* [WHAT IS BEING ASKED] What you return must match the records exactly, except that the pictures are gone.

Dataset excerpts:
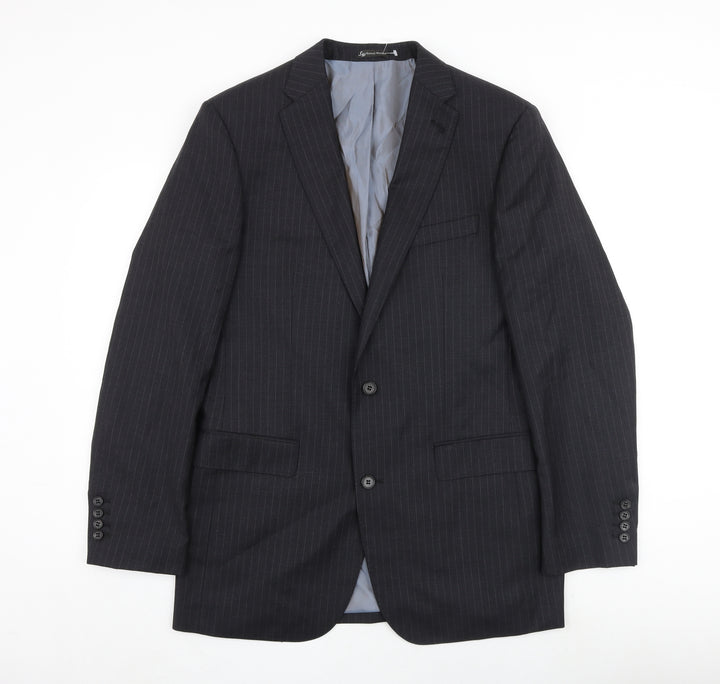 Samuel Windsor Mens Grey Striped Wool Jacket Blazer Size 40 Regular - Inside pockets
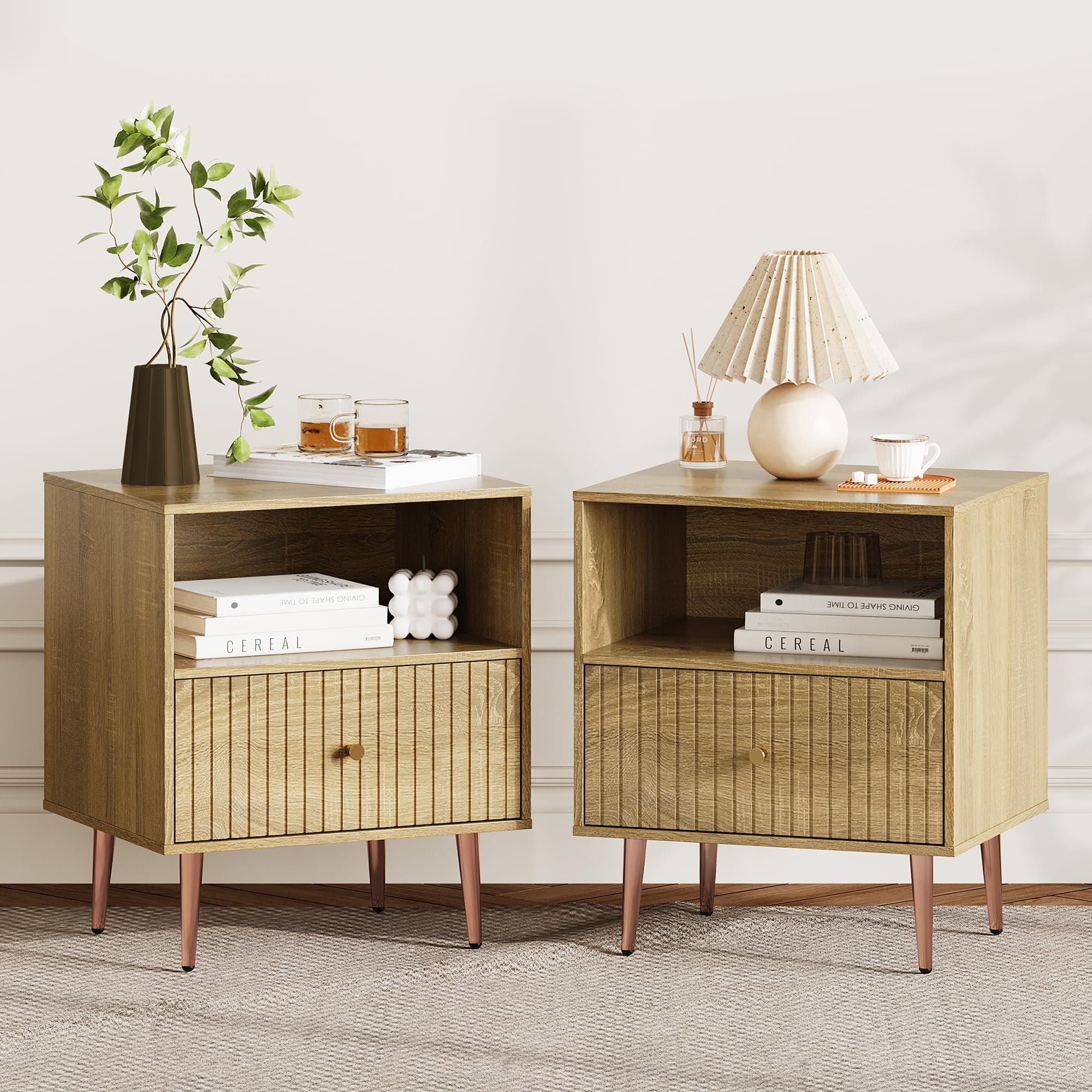 Black Nightstands Set of 2,Modern Bedside Table with Door and Open Storage,Fluted Nightstand and Wood End Side Table with Rose Gold Metal Legs and Handles for Bedroom,Living Room,Black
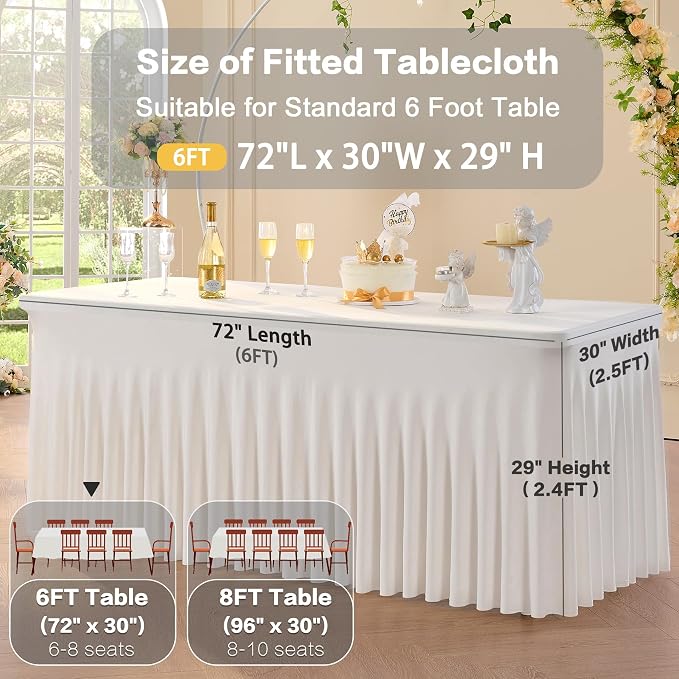 6pk Ivory Spandex Tablecloths for 6 Foot Rectangle Tables, Stretch Table Cloths 6 ft Fitted Tablecover Desk Skirt for Parties Weddings Birthday Banquet Baby Shower - Image 5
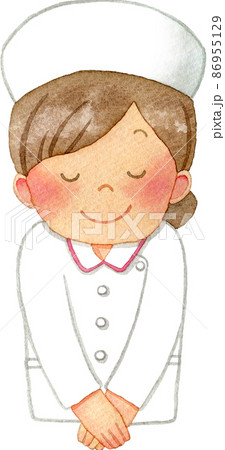 看護師 ナース 女性 お辞儀のイラスト素材
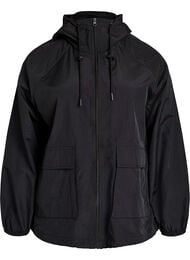 Lett jakke med hette og lommer, Svart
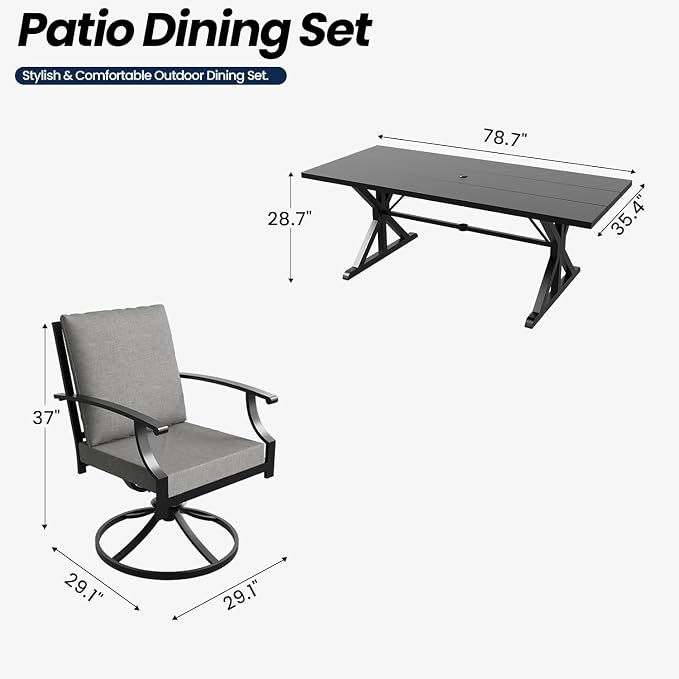 7 Pieces Outdoor Patio Dining Set,Patio Table and Chairs Metal Outdoor Patio Furniture Set with Umbrella Hole,Dining Table Set with 6 Swivel Chairs for Deck,Backyard and Garden,Grey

* [EXPECTED ANSWER]
 Samuel Windsor Mens Grey Striped Wool Jacket Blazer Size 40 Regular - Inside pockets
 Black Nightstands Set of 2,Modern Bedside Table with Door and Open Storage,Fluted Nightstand and Wood End Side Table with Rose Gold Metal Legs and Handles for Bedroom,Living Room,Black
 6pk Ivory Spandex Tablecloths for 6 Foot Rectangle Tables, Stretch Table Cloths 6 ft Fitted Tablecover Desk Skirt for Parties Weddings Birthday Banquet Baby Shower - Image 5
 看護師 ナース 女性 お辞儀のイラスト素材
 Lett jakke med hette og lommer, Svart
 7 Pieces Outdoor Patio Dining Set,Patio Table and Chairs Metal Outdoor Patio Furniture Set with Umbrella Hole,Dining Table Set with 6 Swivel Chairs for Deck,Backyard and Garden,Grey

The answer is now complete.